Boss Pays Workers Out of Pocket After Factory Fire
An organic pizza company is rebounding after a fire leveled their local factory to ashes.
The company, Rustic Crust and American Flatbread, decided to keep their workers on the payroll until a temporary facility could be built.
The job loss could have had a devastating impact on the local economy. The company is the second largest employer in the area, employing over a 100 workers at their factory location.
The four-alarm fire was one of the worst the New Hampshire town had seen. Fire crews from 18 surrounding cities fought the blaze, depleting most of the town's water supply. Worker Paul Cote says he watched the factory burn to the ground, describing it as "an inferno" and unlike anything he'd ever seen.
"I was warm, fifty feet away," Cote explains. "I was hot. I mean it was horrible, it was devastating."
The factory was reduced to ash and could have left its 100 workers jobless, but CEO Brad Sterl was determined to keep the company alive despite the tragedy. The executive paid all his workers out of pocket, he even offered training and other benefits during the lag time.

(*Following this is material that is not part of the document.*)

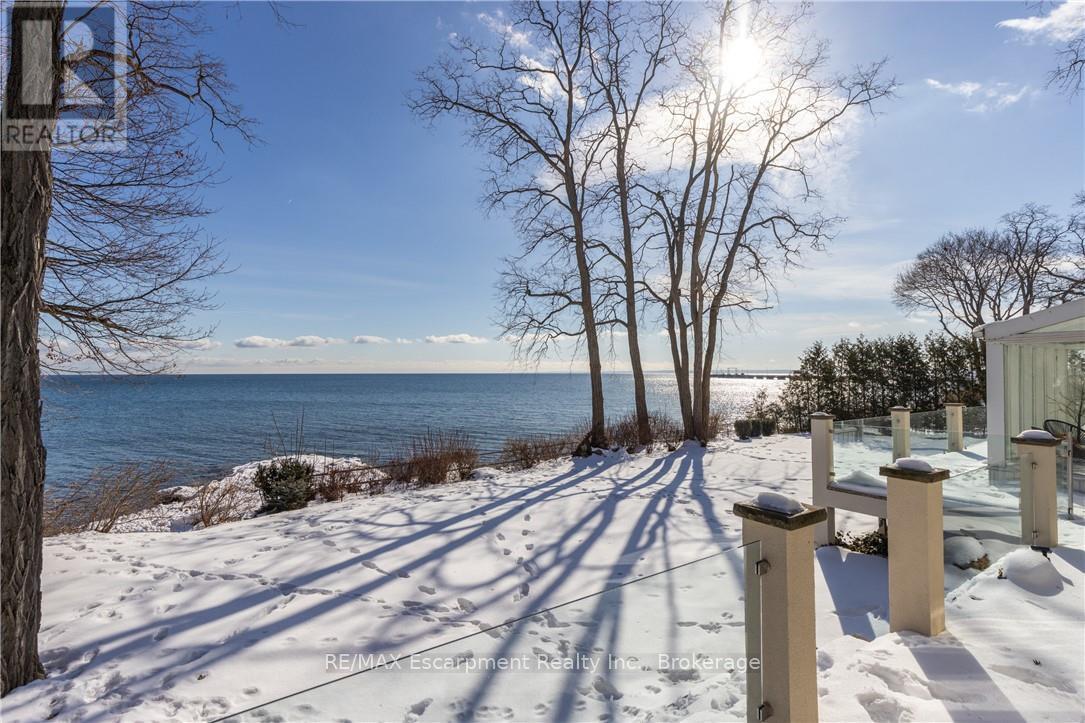 3346 Lakeshore Road W, Oakville, Ontario  L6L 6S6 - Photo 2 - W12795722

"You know, paying one hundred thousand dollars a week in payroll sounds like a lot of money," Sterl says. In the scheme of losing those people or having those people be distressed in the process and not be ready when you're ready for them, you can't think of what that cost is."
New Hampshire Gov. Maggie Hassan (D) attending the groundbreaking and said that business friendly economic conditions in the state helped the organize pizza company bounce back.
"We really value entrepreneurs and we are a can-do state. I like to say we are an all hands on deck state," Hassan said. "When something happens like this, we really roll up our sleeves and come together."
Rustic Crust broke ground on their new factory and hopes to be fully operational by the fall. And as for the workers, they say they are thankful the fire didn't take everything from them.
"Staying in work was everything to my family, to everyone in town," Cote says. "It was great that we could."